Looking at the github repository, you can see that Qdrant is built in Rust. Other offerings may be written in C++, Go, Java or even Python. So why does Qdrant chose Rust? Our founder Andrey had built the first prototype in C++, but didn’t trust his command of the language to scale to a production system (to be frank, he likened it to cutting his leg off). He was well versed in Java and Scala and also knew some Python. However, he considered neither a good fit:
Java is also more than 30 years old now. With a throughput-optimized VM it can often at least play in the same ball park as native services, and the tooling is phenomenal. Also portability is surprisingly good, although the GC is not suited for low-memory applications and will generally take good amount of RAM to deliver good performance. That said, the focus on throughput led to the dreaded GC pauses that cause latency spikes. Also the fat runtime incurs high start-up delays, which need to be worked around.
Scala also builds on the JVM, although there is a native compiler, there was the question of compatibility. So Scala shared the limitations of Java, and although it has some nice high-level amenities (of which Java only recently copied a subset), it still doesn’t offer the same level of control over memory layout as, say, C++, so it is similarly disqualified.
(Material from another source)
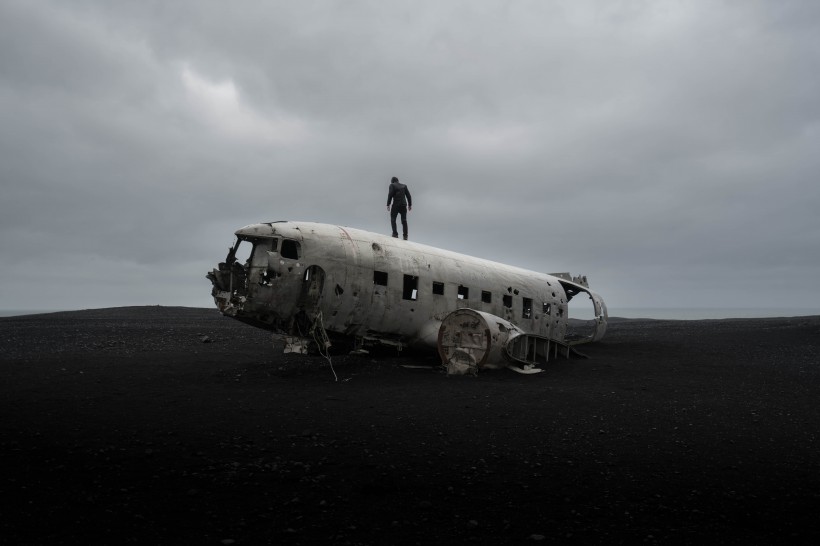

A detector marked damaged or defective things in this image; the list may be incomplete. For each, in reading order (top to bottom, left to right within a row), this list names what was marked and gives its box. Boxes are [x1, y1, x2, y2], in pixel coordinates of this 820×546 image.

shattered window [282, 239, 302, 260]
damaged fuselage [207, 219, 604, 372]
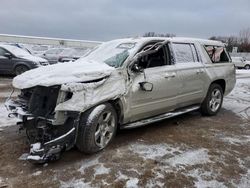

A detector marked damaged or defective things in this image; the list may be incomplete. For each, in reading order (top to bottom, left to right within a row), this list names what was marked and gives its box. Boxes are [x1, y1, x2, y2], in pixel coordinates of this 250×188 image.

Python, being just a bit younger than Java, is ubiquitous in ML projects, mostly owing to its tooling (notably jupyter notebooks), being easy to learn and integration in most ML stacks. It doesn’t have a traditional garbage collector, opting for ubiquitous reference counting instead, which somewhat helps memory consumption. With that said, unless you only use it as glue code over high-perf modules, you may find yourself waiting for results. Also getting complex python services to perform stably under load is a serious technical challenge.
Into the Unknown
So Andrey looked around at what younger languages would fit the challenge. After some searching, two contenders emerged: Go and Rust. Knowing neither, Andrey consulted the docs, and found hinself intrigued by Rust with its promise of Systems Programming without pervasive memory unsafety.
This early decision has been validated time and again. When first learning Rust, the compiler’s error messages are very helpful (and have only improved in the meantime). It’s easy to keep memory profile low when one doesn’t have to wrestle a garbage collector and has complete control over stack and heap. Apart from the much advertised memory safety, many footguns one can run into when writing C++ have been meticulously designed out. And it’s much easier to parallelize a task if one doesn’t have to fear data races.
With Qdrant written in Rust, we can offer cloud services that don’t keep us awake at night, thanks to Rust’s famed robustness. A current qdrant docker container comes in at just a bit over 50MB — try that for size. As for performance… have some benchmarks.
And we don’t have to compromise on ergonomics either, not for us nor for our users. Of course, there are downsides: Rust compile times are usually similar to C++’s, and though the learning curve has been considerably softened in the last years, it’s still no match for easy-entry languages like Python or Go. But learning it is a one-time cost. Contrast this with Go, where you may find the apparent simplicity is only skin-deep.
Smooth is Fast
The complexity of the type system pays large dividends in bugs that didn’t even make it to a commit. The ecosystem for web services is also already quite advanced, perhaps not at the same point as Java, but certainly matching or outcompeting Go.
Some people may think that the strict nature of Rust will slow down development, which is true only insofar as it won’t let you cut any corners. However, experience has conclusively shown that this is a net win. In fact, Rust lets us ride the wall, which makes us faster, not slower.
The job market for Rust programmers is certainly not as big as that for Java or Python programmers, but the language has finally reached the mainstream, and we don’t have any problems getting and retaining top talent. And being an open source project, when we get contributions, we don’t have to check for a wide variety of errors that Rust already rules out.
In Rust We Trust
Finally, the Rust community is a very friendly bunch, and we are delighted to be part of that. And we don’t seem to be alone. Most large IT companies (notably Amazon, Google, Huawei, Meta and Microsoft) have already started investing in Rust. It’s in the Windows font system already and in the process of coming to the Linux kernel (build support has already been included). In machine learning applications, Rust has been tried and proven by the likes of Aleph Alpha and Huggingface, among many others.
To sum up, choosing Rust was a lucky guess that has brought huge benefits to Qdrant. Rust continues to be our not-so-secret weapon.